Worum geht es wirklich?

Um die Frage, wie man als Gesellschaft mit der Aussicht auf einen großen Wissenssprung umgeht. In den Ruinen der Insel, zu deren Erkundung sich die Robotermenschen entschließen, finden sich Spuren einer mächtigen neuartigen Technologie. Sie könnte große Energiemengen freisetzen und erlauben, die Welt großflächig umzugestalten. Müsste sie deswegen erkundet werden? Oder wäre es besser und sicherer für die empfindsamen Roboter, zu ihrer stabilen Langeweile zurückzukehren? Damit berührt „Talos II“ Themen, die uns auch in der Realität beschäftigen. Aktuell etwa wird kontrovers über die Chancen und Risiken künstlicher Intelligenz diskutiert. Und nicht umsonst war diesen Sommer der Film „Oppenheimer“ über den Erfinder der Atombombe, J. Robert Oppenheimer, so erfolgreich: Die Sorge, ob die Menschheit die Folgen des technologischen Fortschritts richtig einschätzt – oder sich im Zweifel selbst auslöschen könnte –, treibt offenbar viele um. „Talos II“ fühlt sich wie ein Gedankenexperiment an, das all diese Themen berührt.

 
The Talos Principle
Die Welt von „Talos II“ ist selten bedrohlich, meistens schön – und voller Logikrätsel, die es zu lösen gilt

Muss ich den ersten Teil des Spiels kennen?
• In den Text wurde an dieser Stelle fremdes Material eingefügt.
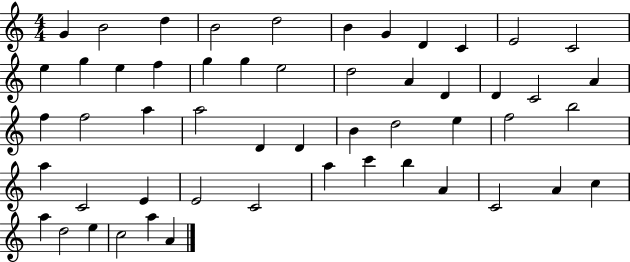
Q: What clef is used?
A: treble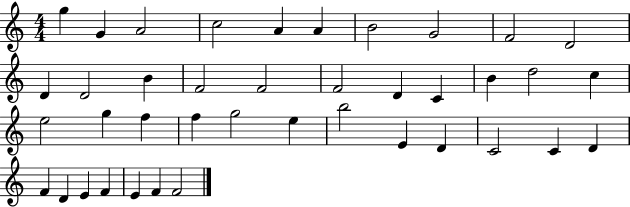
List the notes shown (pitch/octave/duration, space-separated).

G5/q G4/q A4/h C5/h A4/q A4/q B4/h G4/h F4/h D4/h D4/q D4/h B4/q F4/h F4/h F4/h D4/q C4/q B4/q D5/h C5/q E5/h G5/q F5/q F5/q G5/h E5/q B5/h E4/q D4/q C4/h C4/q D4/q F4/q D4/q E4/q F4/q E4/q F4/q F4/h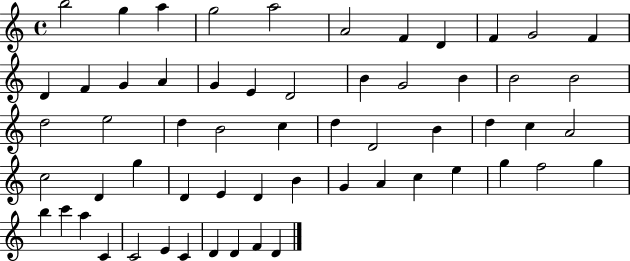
{
  \clef treble
  \time 4/4
  \defaultTimeSignature
  \key c \major
  b''2 g''4 a''4 | g''2 a''2 | a'2 f'4 d'4 | f'4 g'2 f'4 | \break d'4 f'4 g'4 a'4 | g'4 e'4 d'2 | b'4 g'2 b'4 | b'2 b'2 | \break d''2 e''2 | d''4 b'2 c''4 | d''4 d'2 b'4 | d''4 c''4 a'2 | \break c''2 d'4 g''4 | d'4 e'4 d'4 b'4 | g'4 a'4 c''4 e''4 | g''4 f''2 g''4 | \break b''4 c'''4 a''4 c'4 | c'2 e'4 c'4 | d'4 d'4 f'4 d'4 | \bar "|."
}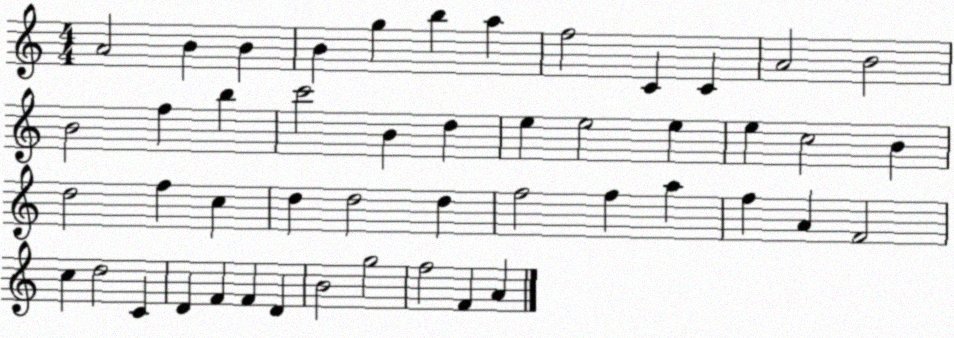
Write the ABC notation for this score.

X:1
T:Untitled
M:4/4
L:1/4
K:C
A2 B B B g b a f2 C C A2 B2 B2 f b c'2 B d e e2 e e c2 B d2 f c d d2 d f2 f a f A F2 c d2 C D F F D B2 g2 f2 F A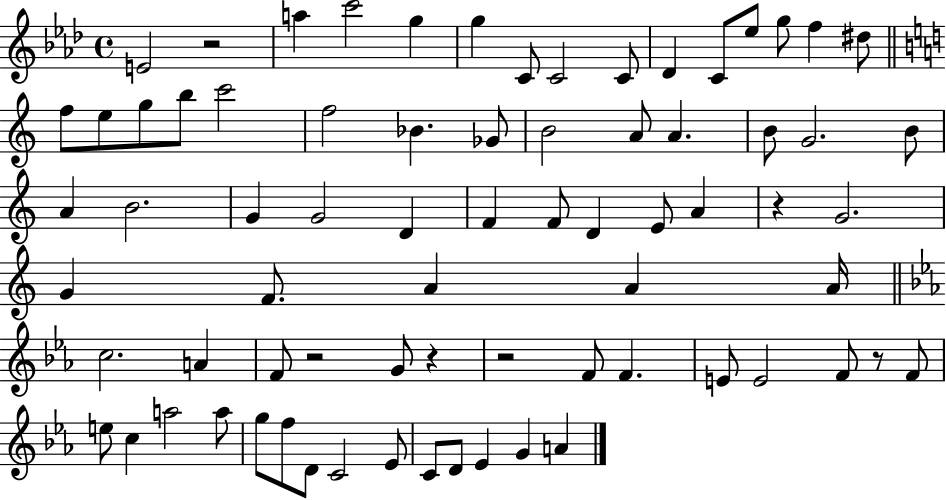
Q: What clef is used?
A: treble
Nein, die Spiele funktionieren unabhängig voneinander. „The Talos Principle“ ist 2014 erschienen und erzählt eine Art Schöpfungsgeschichte für „Talos II“. „Talos I“ ist auch gut geschrieben, war kommerziell erfolgreich und konzentriert sich eher auf die Rolle des Individuums: Wann und warum könnte ein Roboter als menschlich angesehen werden?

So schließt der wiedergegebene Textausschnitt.